Investing in the stock market has always been seen as a gateway to wealth creation, but for many Indians, the high price of certain shares has kept them away. Imagine wanting to own a piece of MRF or Page Industries, only to realize that one share costs ₹80,000 to ₹1,00,000 or more. This is where fractional shares in India come into play.
With just ₹500, you could soon be able to own a fraction of a premium stock—thanks to SEBI’s recent steps towards fractional share trading. Let’s break down everything you need to know to get started.
What Are Fractional Shares?
Fractional shares allow you to buy a portion of a single stock instead of paying for the full unit.
Example:
If one share of Company X costs ₹10,000, and you invest ₹500, you’ll own 5% of one share.
This democratizes investing, making high-value stocks accessible to everyday investors.
Current Status of Fractional Shares in India
As of 2025, India does not yet allow full-scale fractional share investing, but SEBI has:
- Approved sandbox trials (with Bengaluru-based startup Xaults leading pilots).
- Proposed a custody-led model where fractional shares are stored at the depository level for better security.
- Indicated that future changes will require amendments to the Companies Act, 2013 and tax laws.
This means fractional investing is coming soon, and Indian investors should prepare now.
Why Start With ₹500?
- Low entry barrier → Begin investing without needing thousands.
- Diversification → Buy fractions of multiple premium stocks instead of being stuck with one low-cost share.
- Learning by doing → Perfect for beginners to understand the stock market without risking big amounts.

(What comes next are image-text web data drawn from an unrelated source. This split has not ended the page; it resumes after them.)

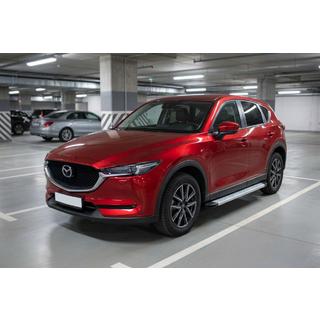 Боковые Подножки Maya V2 (2 шт., Алюминий) Mazda CX-5 2017–2025 гг. фото 1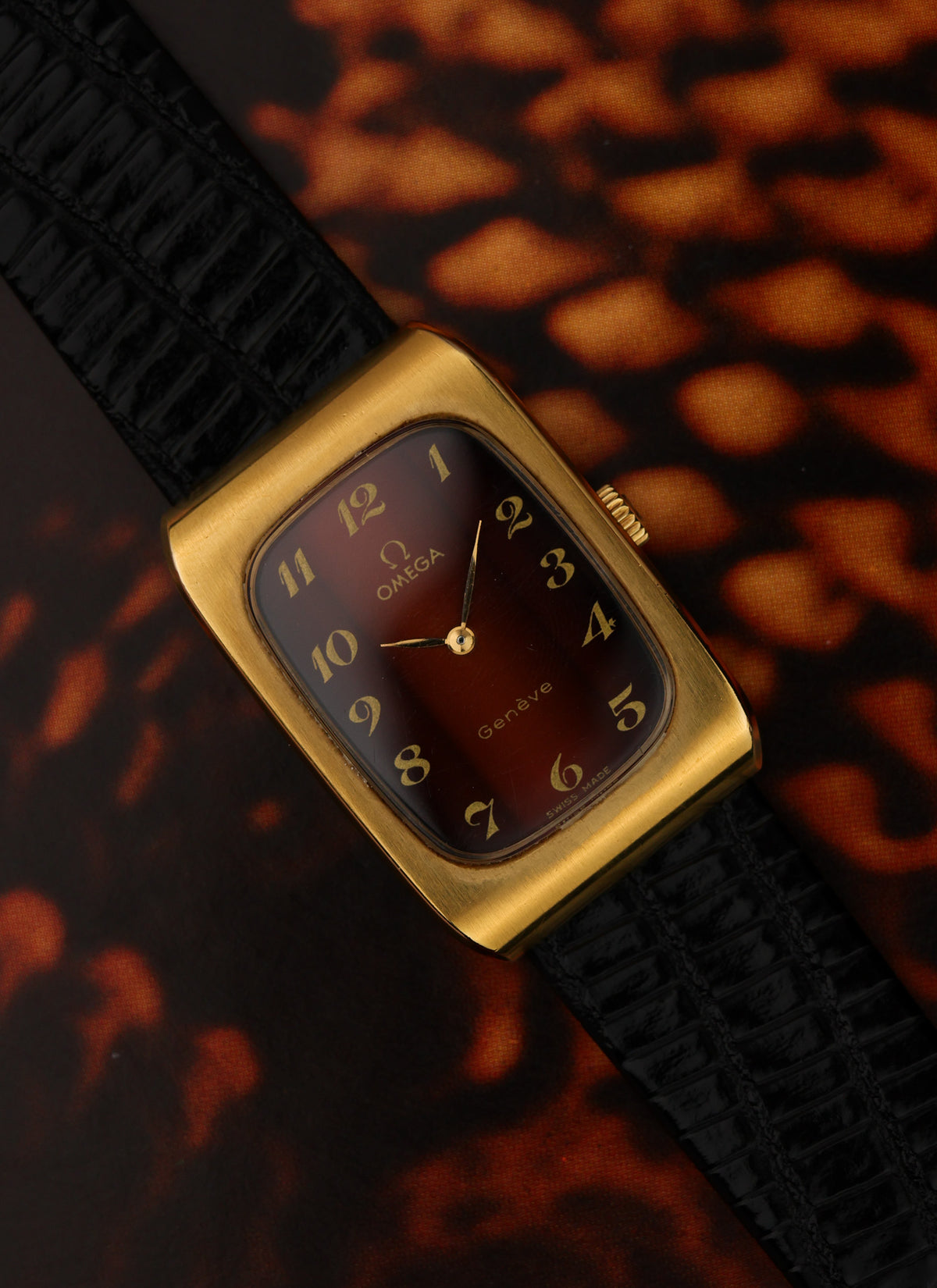 1973 Omega Geneve Burgundy Holo Dial 511.0469 cal. 625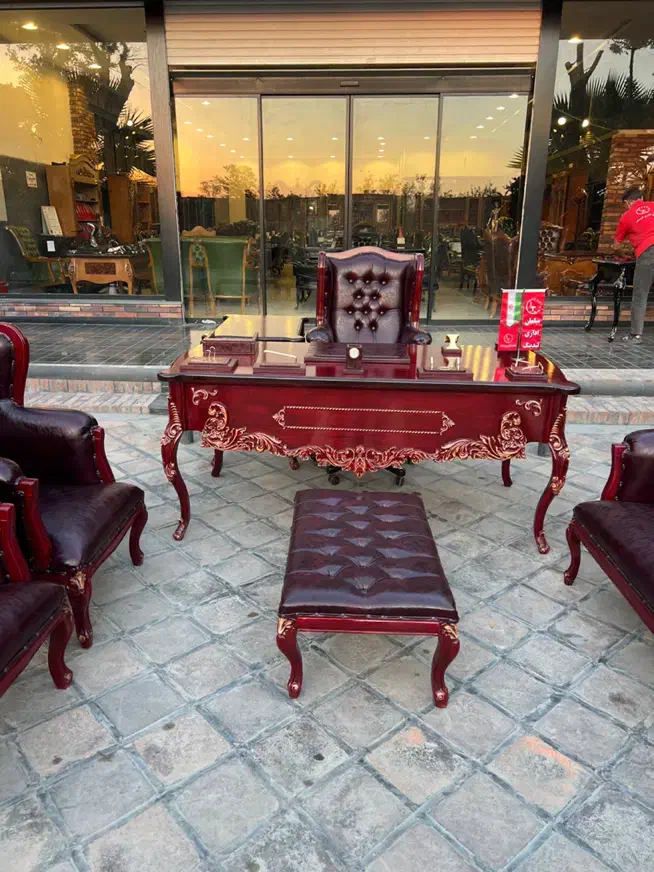 مبلمان اداری کلاسیک ک وئین با قیمت مناسب چهاردانگه|دفتر کار|تهران, شهرک شریفی|دیوار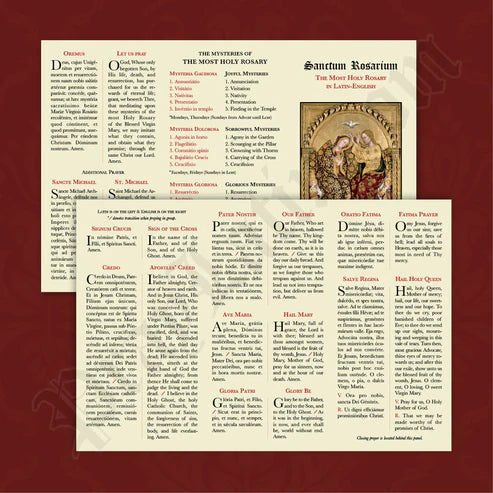 Traditional Latin-English rosary pamphlet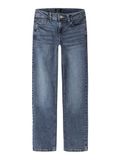 Lmtd Name it Jeans Low-waist stretch pijpen Medium Blue Denim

- Global trend → In the US, apps like Robinhood and Fidelity allow investing from just $1. India is heading in the same direction.
How to Start Investing in Fractional Shares (Step-by-Step)
1. Choose the Right Platform
Keep an eye on fintech platforms like:
- CakeOS – a new entrant focused on fractional ownership in India.
- Xaults – piloting SEBI sandbox trials.
- Global investing apps like Vested or INDmoney (currently offering US fractional stocks).
2. Set a Budget (₹500 to start)
Fractional investing works best when you invest small but consistent amounts. Begin with ₹500 weekly or monthly.
3. Select High-Value Stocks
Look for companies you admire but couldn’t afford earlier—like MRF, Page Industries, or global giants such as Tesla and Amazon (through international platforms).
4. Understand Corporate Actions
Fractional owners will also get:
- Dividends (proportionally)
- Bonus shares (as fractions)
- Voting rights (depending on SEBI’s framework)
5. Track Performance & Reinvest
Use your investing app’s dashboard to monitor your fractional holdings and reinvest dividends for compounding.